Man Alive - Part 2

Man Alive - Part 2 by Bill Powell (Inform)

“Man Alive – Part 1” confused the heck out of me. Part 2 was even worse. Maybe it made sense to the writer but it sure didn’t to this poor player.

What’s it about? Well, I don’t really know. It begins with you in an unofficial court of law awaiting trial for attempted murder. I didn’t finish the previous game – even with a walkthrough to hand I felt it was too much of a chore – so I started this one not really understanding what was going on. Then again, as neither Part 1 nor Part 2 really made any sense as far as I could tell, it’s unlikely that if I had finished Part 1, I’d have been any the wiser.
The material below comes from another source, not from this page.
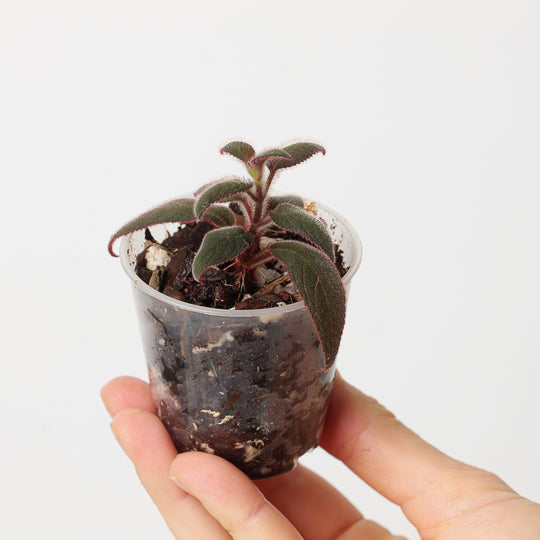 Kohleria sp Ecuador Plants GrowTropicals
The first few moves in the game annoyed me. They were different than the moves required to begin Part 1, but equally frustrating and I ended up consulting the walkthrough (which, like Part 1, has the proper commands interspersed with random snippets of text) and finding out that in order to get anywhere I had to TOUCH an item. As I was already carrying this item in my hands at the time, touching it to make it do anything struck me as kind of unusual. But not half as unusual as the rest of the game.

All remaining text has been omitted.